La poesia di Spagnuolo, che “è legata all’inconscio e l’inconscio è il luogo della poesia” (cfr. l’esergo), si dipana, da Candida fino a Fratture da comporre e Misure del timore, aspra e insieme dolce, sensuale e angosciosa, delusa e trasgressiva, mediante un linguaggio originale e netto, preciso e scientifico ( dunque, mai separato dalle cose), tra suoni ed immagini differenti.

L’autore lascia, inconsciamente, al lettore attento tracce varie per tentare di comporre il puzzle dell’umana esistenza. Oltre al già citato esergo, egli infatti parla, in apertura e in chiusura del suo libro, di assenze ( cfr. l’attacco “ Manca il sapore pieno della sera” in “ Trucchi” da Candida) e del “lamento delle manchevolezze” ( cfr. la penultima strofa di “ Rami di mirto” in Misure del timore) a cui s’aggiunge, subito dopo, l’avverbio con valenza negativa “ inutilmente” ( cfr. l’ultima strofa del componimento citato). E non si dimentichi le voci “rimpianto”, unito ad una “segreta malinconia”, e “ rimorso” in Fratture da comporre o gli altri sostantivi “ pudore” ( cfr. “ La mia mano a Ganescha” in Candida e “candore” ( cfr. “ Candida” nell’omonima raccolta).

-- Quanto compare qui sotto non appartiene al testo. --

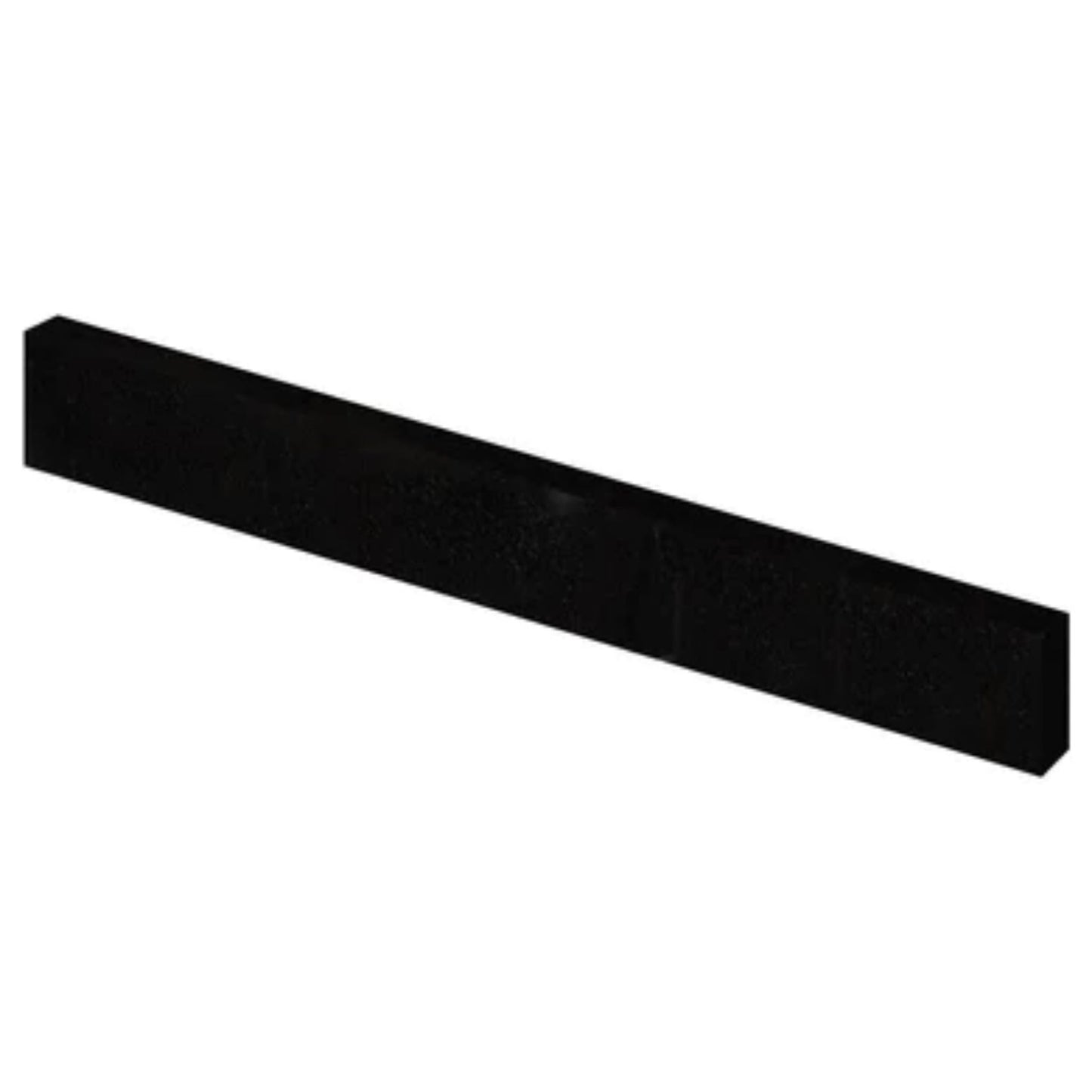LessCare 21 1/4" x 4" Absolute Black Granite Side Splash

E’ costante poi, nelle sue opere, la presenza della figura femminile ( in genere la donna amata) che si rivela luce vivida fra terra e cielo, fuoco ed ombra, fonte d’emozioni diverse, nel gioco apparentemente esaustivo dell’eros. E’ perciò , quello di Antonio Spagnuolo, un amore pieno, sensuale e al contempo candido, innocente, che resta attaccato alla bellezza e ai colori della vita.

Nei riti erotici, inoltre, si va dai trucchi alle guglie, ai drappeggi, in luoghi ben definiti( soprattutto Parigi e Napoli), tra incertezze e rabbie, dolcezza e solitudine, malinconia e allegria, ardore e tenerezza, nella fugacità del tempo. Scorrendo i suoi versi ( le sue parole), notiamo che il suo sguardo orizzontale vorrebbe trascendere la realtà, diventare verticale, ma nonostante i suoi tentativi, non riesce ad andare oltre il muro delle apparenze, tra ombre e ricordi, desideri e paure, abbandoni ed ironia, mare e cielo, sole e buio.

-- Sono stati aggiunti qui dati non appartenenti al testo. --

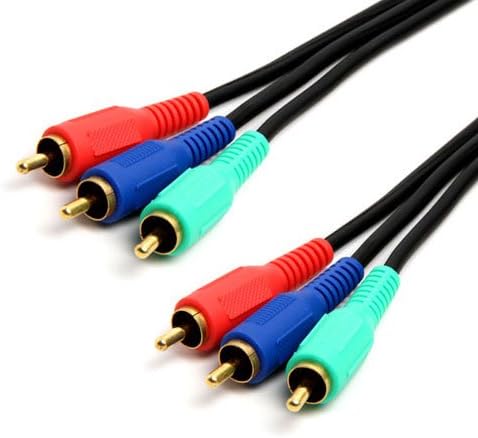 Cable Builders® 6FT Component Video Cable RGB Red Green Blue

Specialmente nelle ultime raccolte, si avverte una certa stanchezza del Nostro ( con le sue umane paure), il quale si convince che non basta più l’eros a riempire il nulla, il vuoto della vita, dando senso al tempo. In particolare, l’ultima raccolta è pervasa dal pensiero della fine, a cui si riferisce un lessico adeguato, comprendente parole-chiave come “ ombre”, “nulla”, “ precipizio”, “fantasmi”, e altre. Vanamente egli allora chiede “ un salmo che colmi il cuore,/una voce che tuoni profezie / e appaghi la tortura dell’ira” ( cfr.” Dialoghi”).

Tutto ciò lo spinge ad un duplice rimpianto: quello del padre terreno e ,in filigrana, del Padre divino. Si tratta di una sorta di amore ruvido, quasi scontroso verso lo scomparso padre naturale e verso Iddio, in un confronto dove l’autore parla in negativo, anche se sembra fluire sotterranea un’acqua che vorrebbe (o potrebbe) rasserenare il cuore del poeta.